It is possible to see the degree to which the technique allowed Bouts, in the words of art historian Susan Jones, to "[achieve such] sophistication ... to create both fine linear detail and subtle tonal transitions." Jones notes that the sky would have appeared with the same clear and pale blue that is still intact in a narrow strip along the top of the work, which has been protected from light and dirt by a frame. In its current condition the muted landscape appears to echo the sorrow of the mourning figures.

X-ray analysis shows that there were a few preparatory drawings made with chalk before the paint was applied. This is left exposed in some areas, most noticeably in the Virgin's veil and mantle and in Christ's shroud. Infrared photography reveals little underdrawing but indicates that the canvas underwent several changes before completion; Mary Salome was repositioned slightly to the left, the sizes of Nicodemus' arm and shoulder were reduced, and the Magdalen's face was painted over the Virgin's mantle.

The cloth on which the work was painted had been lined with a more finely woven piece of linen and restretched, probably by the same person who stretched and lined the other works identified with the larger altarpiece. It was placed under glass, probably in the early 19th century and certainly before its acquisition by the National Gallery (Eastlake noted that it was under glass in 1858). The piece was evidently sent rolled and unframed to its patron. The brown border painted along the four sides indicates where the frame should be positioned when it is added to its final support. The row of rust-stained nail holes running along the top of the cloth is evidence that the frame was eventually positioned within the pictorial field, at a point far lower than Bouts had intended. This low framing protected a portion of the canvas from deterioration and allows us to see some of the colours as they would have originally appeared.

Polyptych

Charles Eastlake saw the work in 1858 and again in 1860 during visits to Milan to purchase Northern Renaissance art on behalf of the National Gallery. He also viewed three companion pieces but was told they were not on sale.  His notes described each of these other works, which he titled: Annunciation (now in the J. Paul Getty Museum), Adoration of the Kings (now in a private collection in Germany) and Presentation (or Resurrection; now in the Norton Simon Museum, Pasadena, California). These works are the same size as The Entombment, have similar colouring and pigmentation and are painted using the same glue-size technique, but are not as well preserved. It is probable that all were re-lined and stretched at the same time by the same restorer, indicating that they were kept together until shortly before The Entombment was acquired by the National Gallery.

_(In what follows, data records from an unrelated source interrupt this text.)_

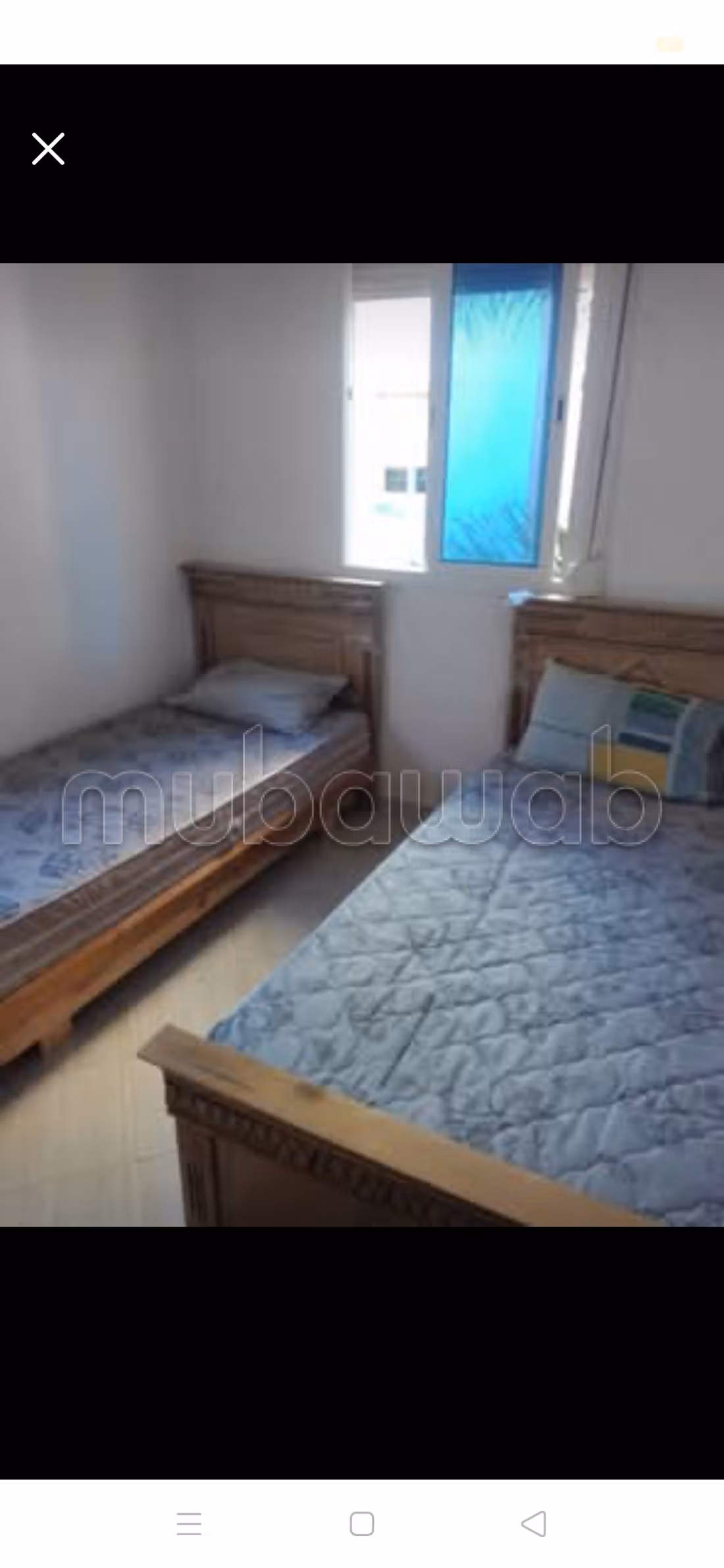 Moulay Abdallah Chouabelstraat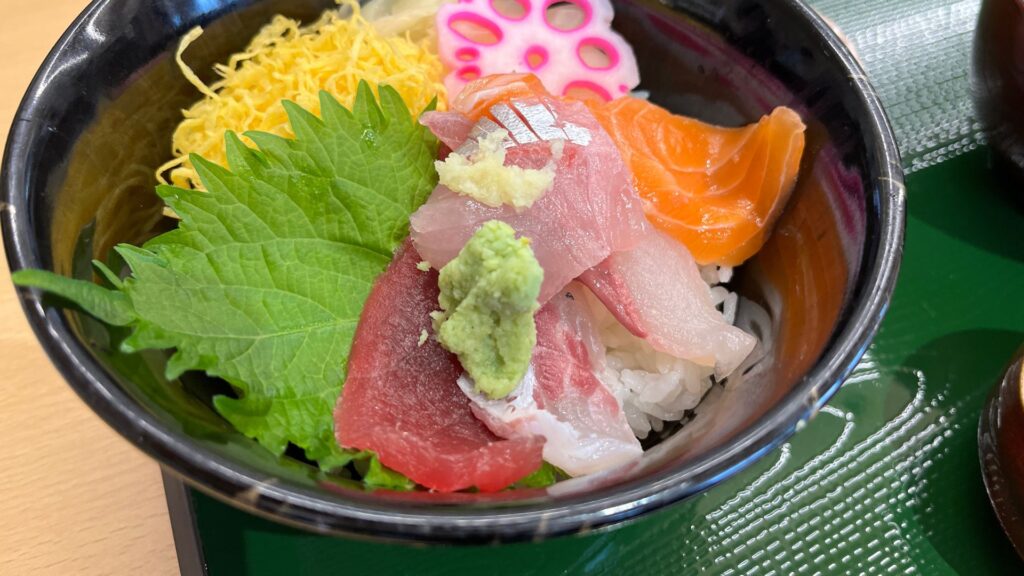 まるごと射水　いみずキッチン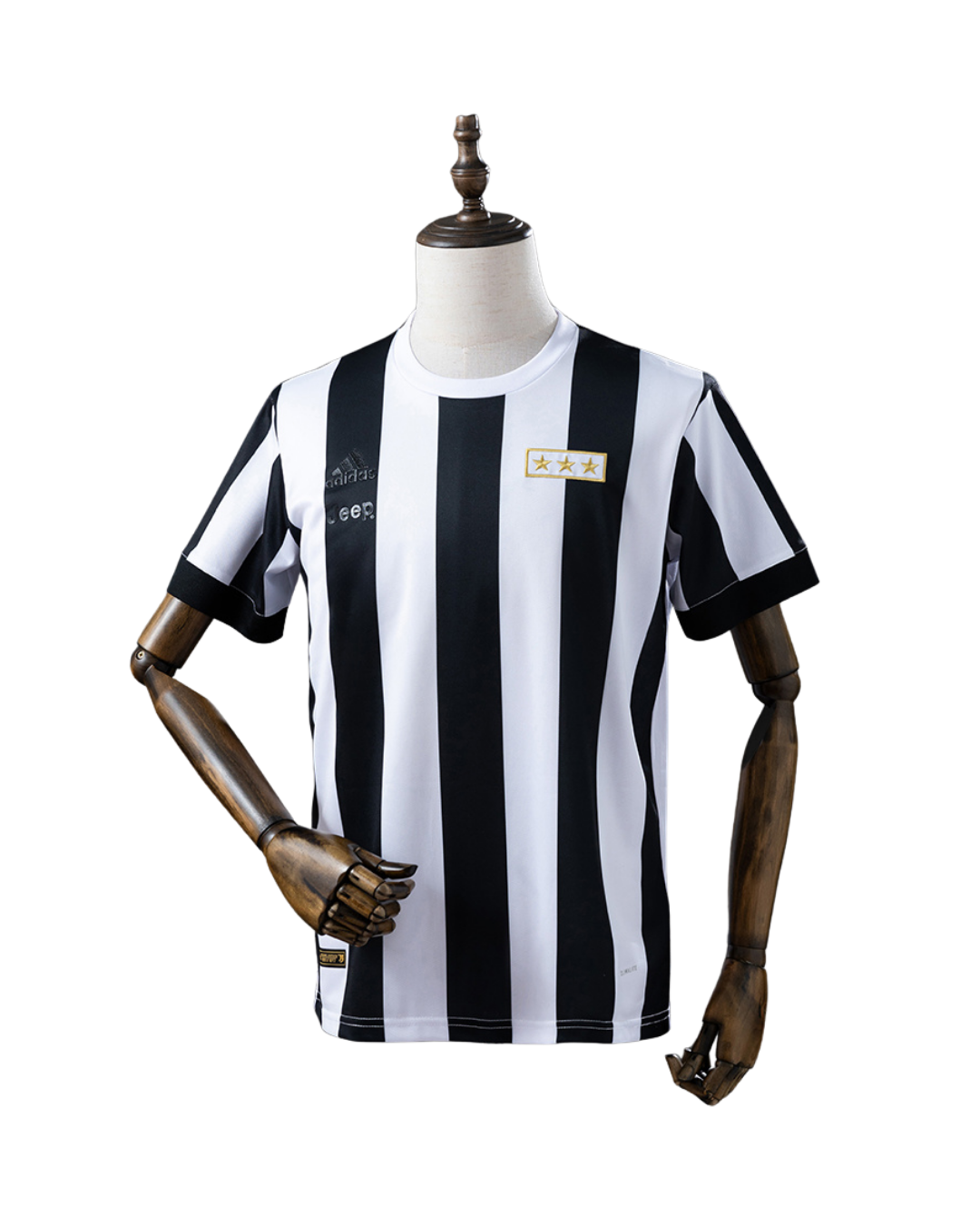 Maglia Retro Home 2017/18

Art historian Robert Koch remarked in 1988 on the similarity of provenance, material, technique, tone and colour of the four works described by Eastlake. He proposed that they were intended as wings of a five-part polyptych altarpiece. Based on the format of Bouts's 1464–1468 Altarpiece of the Holy Sacrament, whose four wing panels are the same length as The Entombment, he believes the altarpiece would have comprised a large central panel with four works half its length and width positioned two at either side. His speculative reconstruction places The Entombment on the upper right-hand wing, above the Adoration.

The large centre canvas has not been positively identified. However both Koch and Campbell believe that a damaged Crucifixion, now in the Royal Museums of Fine Arts of Belgium, Brussels, was probably the centrepiece. Its size (181 × 153.5 cm) is exactly double that of the four wing panels. Campbell believes that the altarpiece was painted on commission for export, most likely to Venice. The altarpiece was probably broken up as large religious works had fallen out of fashion by the 17th century, and would have had more value as single panels.

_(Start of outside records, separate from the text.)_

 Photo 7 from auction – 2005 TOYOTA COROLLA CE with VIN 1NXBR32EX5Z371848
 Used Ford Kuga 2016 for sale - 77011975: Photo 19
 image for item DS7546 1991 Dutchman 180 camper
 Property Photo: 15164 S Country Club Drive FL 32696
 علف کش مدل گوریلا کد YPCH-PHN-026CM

Provenance and attribution
Bouts did not inscribe any of his paintings, which makes attribution and dating difficult. His developing skill with perspective and unified vanishing points is used by art historians to date his works from the period. Although its colourisation is among the best of his work, the perspective is clumsy in areas, thus the painting can be assumed to date no later than 1460. Bouts often quoted visual passages from artists and paintings that influenced his work, so the influences are well established and datable.  Along with the companion Resurrection, British art historian Martin Davies believes the work shows influences from Rogier van der Weyden's Descent (c. 1435) and Miraflores Altarpiece (1440s), which places it after 1440. Robert Koch dates it to between 1450 and 1455.

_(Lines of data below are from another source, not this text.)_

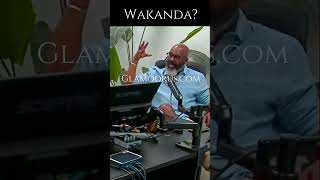 Essence Festival 2025 Africans Takeover Backlash CEO Says Black American New Orleans is Wakanda
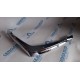 Deflettore cromato Piaggio Beverly Tourer anteriore sinistro inferiore originale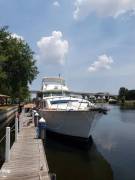 1985 Bertram Flybridge 58, $ 149,899.00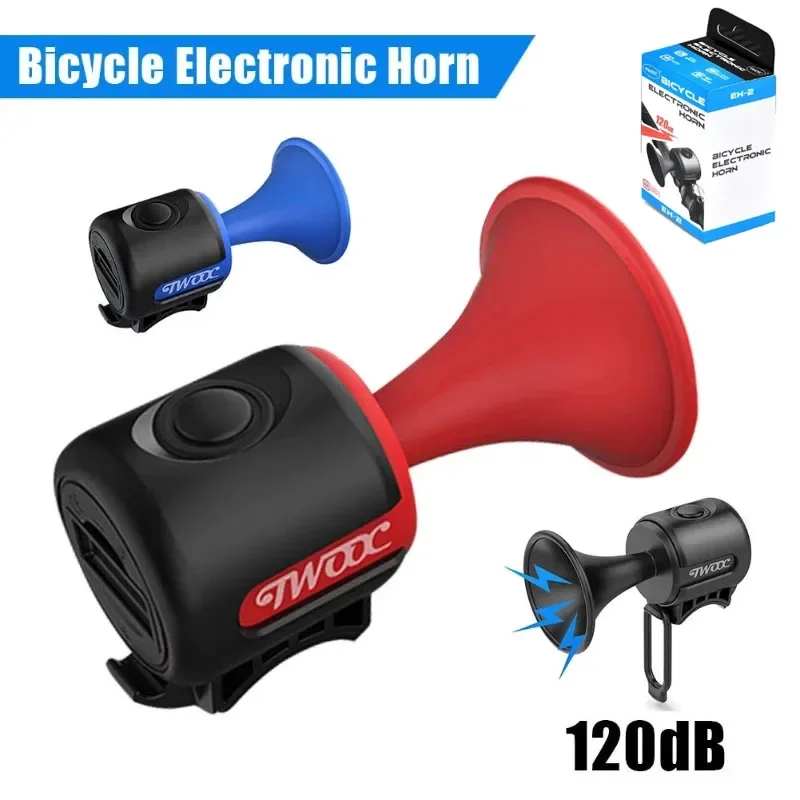new-120db-scooter-clear-sound-quality-bell-horn-ring-with-quick-release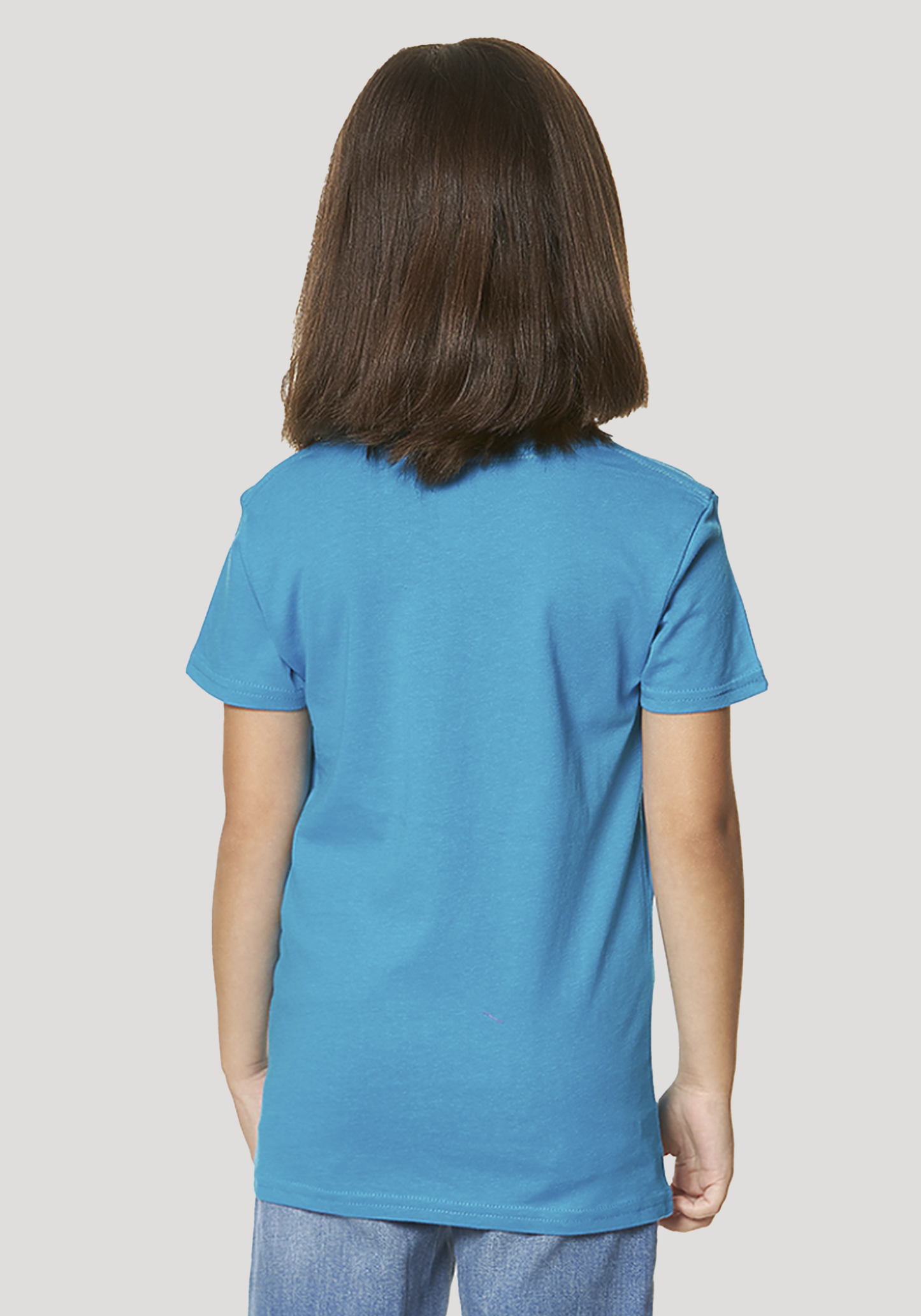Smart Blanks - 3502 Youth Premium Tee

During a period of aggressive acquisition intended to establish the international prestige of Britain's collection, it was acquired for the National Gallery in 1860 in Milan from the Guicciardi family by Charles Lock Eastlake for just over £120, along with a number of other Netherlandish works. Eastlake's notes mention that the works were "originally in the possession of the Foscari family". The Foscaris were a wealthy Venetian family which included Francesco Foscari who was Doge of Venice at the time the work was painted; the dramatic story of him and his son is told in Lord Byron's play The Two Foscari, and Verdi's opera I due Foscari. There is no documentary evidence to substantiate the claim that the painting came from the Foscari  collection, and some art historians believe that representatives of the Guicciardis invented this provenance to impress Eastlake. Lorne Campbell considers the provenance "probable", noting that a descendant, Ferigo Foscari (1732–1811), an ambassador to Saint Petersburg, squandered his fortune and may have been forced into selling pictures belonging to the family. Campbell speculates that the painting was produced on commission for export to Venice, noting that unrolled linen would have been easier to transport than canvas, and that the row of holes just below the upper border could be explained if it had been stretched, mounted and framed by someone other than Bouts or a member of his workshop.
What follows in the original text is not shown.